*Input for this task*.

──────────

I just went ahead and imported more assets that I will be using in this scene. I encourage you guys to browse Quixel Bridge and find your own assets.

──────────

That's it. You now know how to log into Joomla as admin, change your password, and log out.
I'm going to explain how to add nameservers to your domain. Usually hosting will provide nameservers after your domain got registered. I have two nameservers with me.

──────────

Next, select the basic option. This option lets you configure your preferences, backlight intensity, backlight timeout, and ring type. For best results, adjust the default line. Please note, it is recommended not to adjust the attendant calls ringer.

──────────

*Task brief*.
Tell how many lines of the listing contain the string "will", giving the number without any other words.

*Expected output*.
2